CEO: The topic of minimum wage is a complicated one from different perspective as a policy. What we are encouraging companies to do are to ensure that there is minimum income to the workers that participate in the mining sector. And the starting point matters, so called initial conditions matter because when you start from a background where most of the miners were artisanal used to having independence of their own revenue associated with minerals extracted and sold sometimes they are also resistant to the idea of getting employed into employed income. Because when windfalls happen they get sufficient revenue that offsets what they could get as employed workers.

On the other hand, also there is an argument by mining companies! We are looking at, increasingly, the hybrid of having minimum number of employees who are salaried not just in administration but also in technical operations. And then having also a set of employees who are seasonal who prefer to work in the mining sector when it’s convenient to them and to be off from mining when they have other things to do for example on their farms and other things. And what that guarantees is that there is minimum revenue associated with their work.
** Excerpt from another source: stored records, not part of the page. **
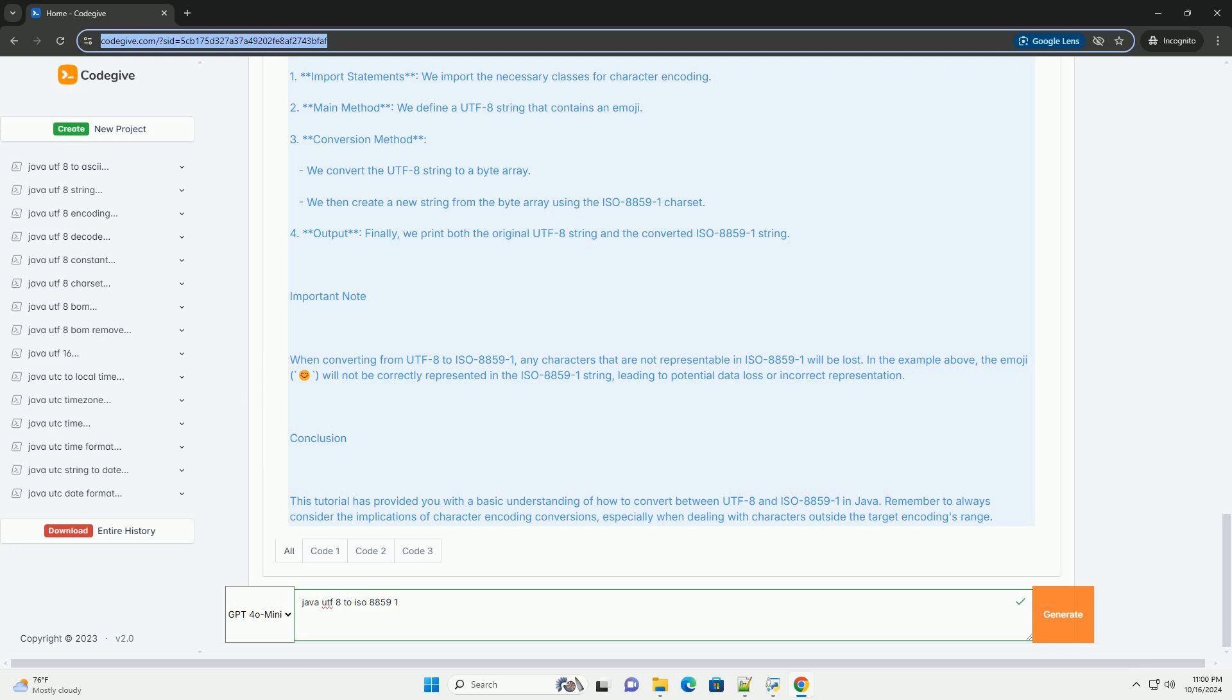How to convert UTF-8 to ISO 8859-1 in Java: You can convert between these encodings in Java using the string class and the GetBytes method. The steps are: 1. Convert the UTF-8 encoded string to a byte array. 2. Create a new string from the byte array using the desired encoding, ISO 8859-1.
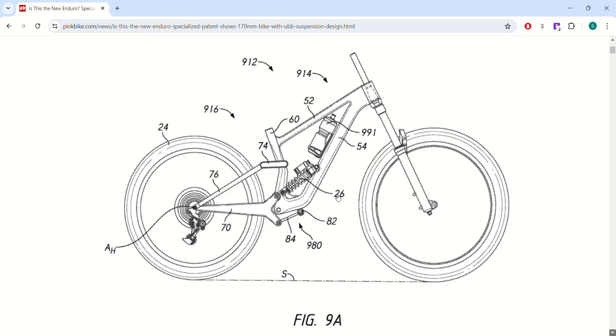So it's a cool looking bike. It's got a coil on it, it's got a water bottle cage. It's a single crown, so it probably won't be a downhill bike. So more likely an enduro bike.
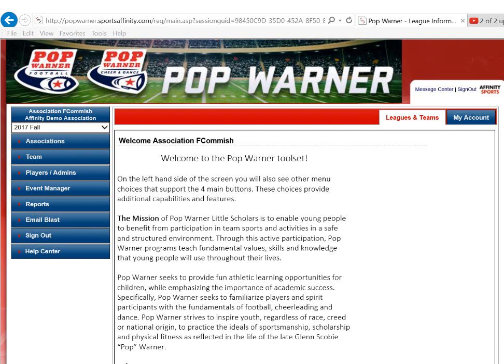Welcome to the Pop Warner Toolset, powered by Dick's Team Sports HQ and Affinity Sports. Activation Process for Associations.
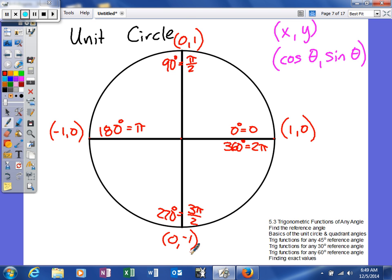We've just found an infinite number of trig function values. Any angle that terminates on your positive x-axis has cosine = 1 and sine = 0. Therefore, the cosine of 0° is 1, the sine of 0 radians is 0, the cosine of 360° is 1, and the sine of 360° is 0. Anything coterminal — like -360° or 720° — would have the same sine and cosine values. There's an infinite number of coterminal angles, so we've really grown our knowledge by an infinite amount.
Lastly, even those who are seasonal and depend on their production for income we want to make sure that companies actually pay them fairly for the minerals they produced that they share fairly, equitably and their productions associated with inputs whether is explosives, safety, gear that they wear whether it’s feeding and other general infrastructure it’s fair deductions so that their take home is commensurate with time and labor they are putting in.

This is going to be their continuous work, it’s not going to be something that we can attain overnight. What we find though is that the investors in the mining sector also realize that the so called social license to operate is very important for their long term sustainability. And so, they have a shared objective in ensuring that their labor force is also happy and getting fair revenue from their operations.